Patients who received intensive phone support during treatment were appreciative as it was easily accessed and more anonymous than an office visit. Providers also noted that flexibility and willingness to provide phone support could act as an attendance facilitator. Some questioned the effectiveness of strict requirements for frequent in-person visits during treatment citing clients’ expressions of difficulty, especially when they were ill from the treatment effects.
Patients and providers expressed concern that an unintended consequence of disclosure avoidance is that few patients speak out about the issues they face or lobby for the type of services they need to improve their care. Examples of needed support services included peer and group support programs, volunteer driver programs, HCV chronic illness management education groups, and home support and volunteer visitor services for those on antiviral therapy.
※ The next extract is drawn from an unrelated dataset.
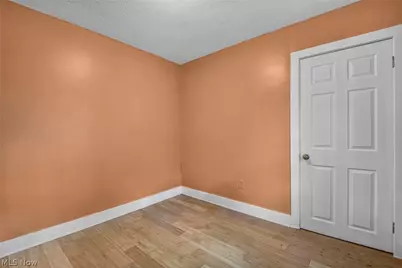 1382 Honodle Avenue, Akron, OH 44305 - Photo 19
3.2. Determining the Benefits of Attendance
Patients described a decision process of determining or weighing the benefits of attending for care. Patients readily identified benefits in primary care related to attending for diagnosis, acute episodic care, and obtaining a specialist referral. Specialty care was circumscribed with benefits focused on issues surrounding treatment with a course of antiviral therapy or, in a few instances, management of advanced liver disease when treatment was not an option.
Most patients did not report attendance for planned HCV monitoring in primary care. Those that reported planned care were being monitored for troublesome HCV symptoms or other conditions. For example, patients who reported regular laboratory monitoring of liver function in primary care relayed that these tests were required for methadone or HIV monitoring. Several explanations ensued regarding the absence of monitoring.
Early in the disease course patients did not attend largely because of the absence of provider guidance on the need for monitoring following diagnosis. Patients relayed being advised to “live healthy,” eat a healthy diet, get exercise, and avoid alcohol. Provider participants confirmed this finding and said that youth were particularly at risk of not receiving any HCV followup. Providers explained that the lack of monitoring in primary care was linked to a knowledge gap and the paucity of detailed guidelines on long-term monitoring requirements in primary care.
Patients made assumptions regarding the lack of followup advice. Some assumed that because of their addiction experiences they were not offered followup:
I think that some of the physicians think because like I’m an ex drug addict, and I think they think that people that are drug addicts, I dunno, they figure that we’re not going to pursue the treatment or you know we’re not going to stick with it because we have addictions and everything and that’s not the case … Like, maybe I wasn’t told about it cuz maybe they saw it well like you know she has an addiction problem.
Others assumed that followup was not advised because treatment was unavailable or they were ineligible. For example, a participant, diagnosed for four years, was surprised to learn about available treatments through the study.
Several patients said that they began to consider the need for monitoring when they learned more about HCV and observed HCV complications among their peers or experienced symptoms. In contrast, a few patients noted that, with increased knowledge, they were less likely to attend, “I knew as much as him, I did not see why I should go and use up that time.”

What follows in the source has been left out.